Und warum sollte man nicht froh sein, nicht ganz zu leben, was man da sieht. Seien wir lieber zufrieden mit dem Leben. Diese Art Gewalt banalisiert Leben wie Tod, und wir müssen weder das eine, noch das andere weiter fürchten. War alles nur ein Witz. Und der Schrecken falsch, wie das Leben. Unsere Suche nach Tiefe und Intensität geht in dem schockierten Lachen auf. Und wem das nicht reicht, der freut sich an dem Einfall, dass man mit dem Parmesan-Kerber der Mutti die Adern aufschlitzen kann… Die Aufrüstung hilft, über den Kinobesuch hinaus noch etwas mit nach Hause zu nehmen: Als Nachdenken über Tötungstechniken kehrt unser Interesse zurück und wandelt die Frage nach Leben und Tod zu einer Frage nach der Machbarkeit, nach Technik. Wir geniessen einmal mehr den Kitzel der perfekten Illusion, in der wir die Schädel haben knacken hören. Und hört sich das wirklich so an? Wie bei den alten Höllenbildern, Gewalt schafft auch beim Film Gemeinschaft. Faszination ging schon immer von dem gemeinsamen Hinstarren auf Unheil aus. Und feiern wir darin nicht eigentlich sogar unser geheimes Einverständnis? Dann suchten wir also in der Grausamkeit, mit der wir den freien Abend geniessen, eine Verklärung des Unrechtes, wie es ist.

Und dennoch. Und deshalb: Eine der schönsten Möglichkeiten des Kinos ist es, den Teufel, und wirklich den Teufel an die Wand zu malen.

Auch, wenn wir in die richtige Richtung losgelaufen und dann irgendwie doch falsch rausgekommen sind. Wenn wir uns auch dumm und blind und einfach tot gelacht haben. Unser Bedürfnis nach Gewalt war echt. Wenn die Grausamkeit in ihrer Wucht allein unsere Ohnmacht in Hingebung verwandelt. Dann toben sich zwar andere für uns auf der Leinwand aus und wir kehren nach Mord und Totschlag froh zurück in die saubere Welt von Arbeit und Feierabend, in der die moralische Auseinandersetzung im Mitmachen von Mülltrennung und Biokost gipfelt. Aber die Irrationalität und Ungerechtigkeit der Herrschaft über unser alltägliches Leben, hinter dem wir oft kaum herrennen, kehrt als Grausamkeit zu uns zurück: Sie gehört zu uns und wir zu ihr.
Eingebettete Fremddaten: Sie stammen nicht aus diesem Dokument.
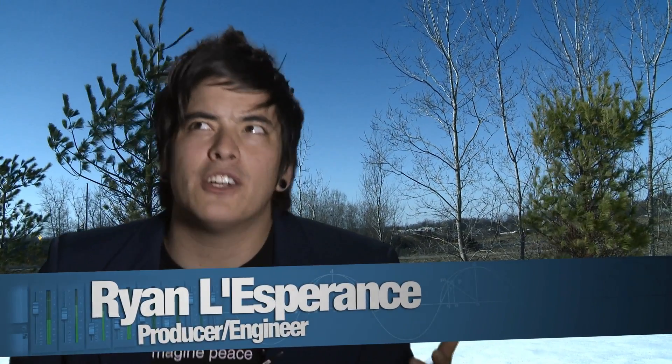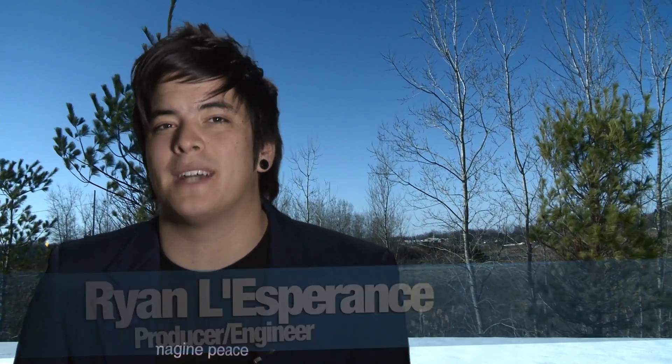Hey, this is Ryan, and it may look like I'm outside right now, but I'm actually on the John Lennon Educational Tour Bus. You might be asking yourself, how is that even possible? Well, I'll tell you.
Film versucht im besten Fall und, das ist wichtig, auf jeweils eigene Art, die Sensibilisierung der Menschen entgegen emotionaler Verrohung zu verteidigen und voranzutreiben. All das, was im Alltag verloren geht, was seiner Emotionalität beraubt ist, diesem ständigen Verlust von Empfindung, Lust und Phantasie, kann Film begegnen. Die Verrohung also weder zu verdrängen und sie auch damit zu zementieren noch zu banalisieren in der kaltblütigen Grimasse. Sondern, was an uns so vorbeihuscht, einzufangen in seiner widersprüchlichen, manchmal zerstörerischen Kraft. Dem Alltäglichen den Schrecken wiederzugeben. Ihm eine Perspektive zu geben, ihn handeln zu lassen. Und dem Teufel endlich ins Gesicht zu sehen, das, seine Wahrheit, ist es, die uns tief bewegt. Erst dann werden wir entscheiden, ob und wie wir ihn verlachen. Dumm sein macht nicht glücklich. Wenn auch nicht das einzige, so ist der Schrecken doch ein Mass unserer Wünsche. Und es ist eine der schönsten Möglichkeiten des Kinos, ihn, den Teufel an die Wand zu malen.

Malen wir also.

Aber wirklich, wir sitzen mit der 3D-Brille noch in den Bäumen. Hoffentlich kommt da keiner mit der Kettensäge.